- [Your assignment] Below this line is the material. Write out only its lines from the one containing "For DDR3L Memory No… - image" through the one containing "Bild av METZGER", both kept, exactly.

- [Task inputs]
____________

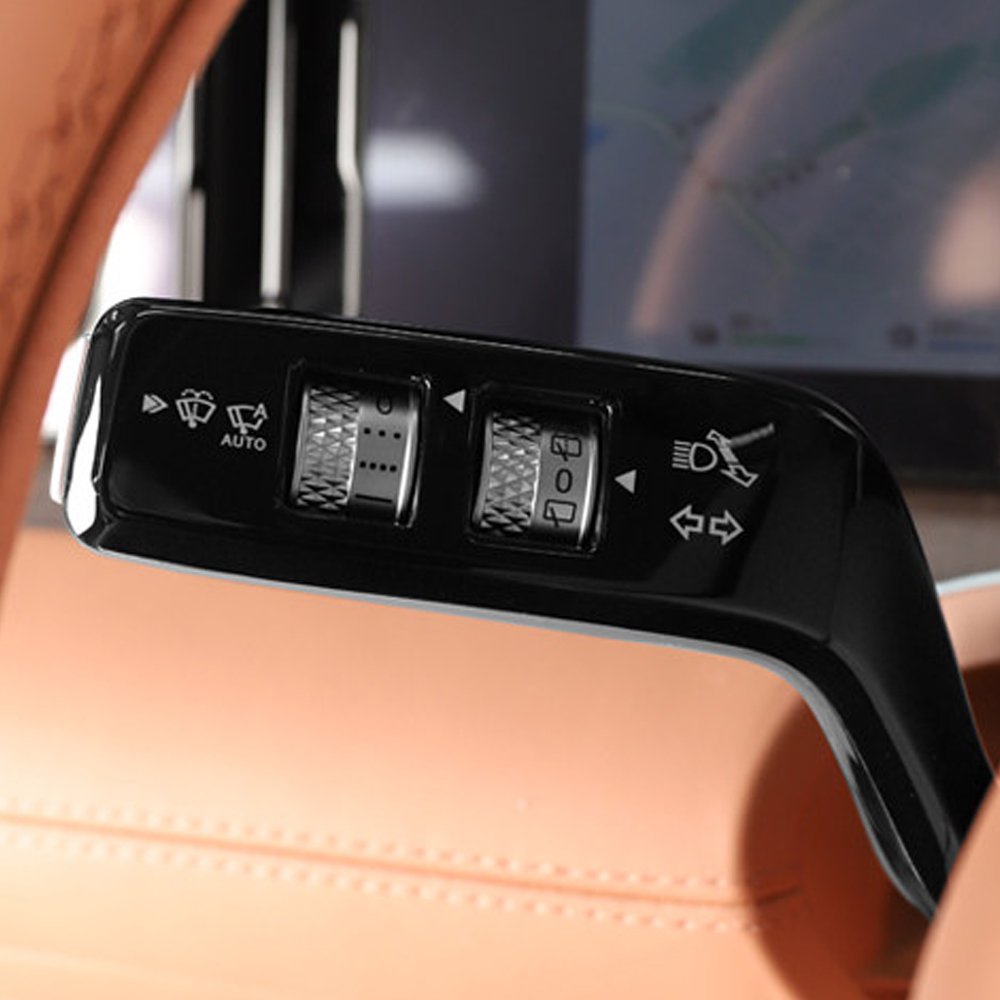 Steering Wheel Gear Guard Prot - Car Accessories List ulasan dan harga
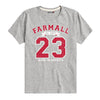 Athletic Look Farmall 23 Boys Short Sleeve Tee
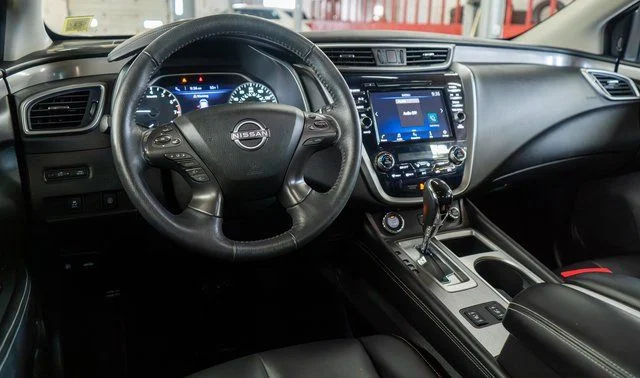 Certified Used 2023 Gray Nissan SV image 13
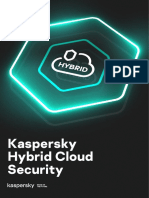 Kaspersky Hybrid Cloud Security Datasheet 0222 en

____________

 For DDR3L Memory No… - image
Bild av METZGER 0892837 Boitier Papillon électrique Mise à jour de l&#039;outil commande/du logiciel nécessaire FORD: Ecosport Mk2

____________

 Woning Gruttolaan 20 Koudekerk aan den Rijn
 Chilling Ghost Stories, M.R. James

____________

- [Exercise answer]
 For DDR3L Memory No… - image
Bild av METZGER 0892837 Boitier Papillon électrique Mise à jour de l&#039;outil commande/du logiciel nécessaire FORD: Ecosport Mk2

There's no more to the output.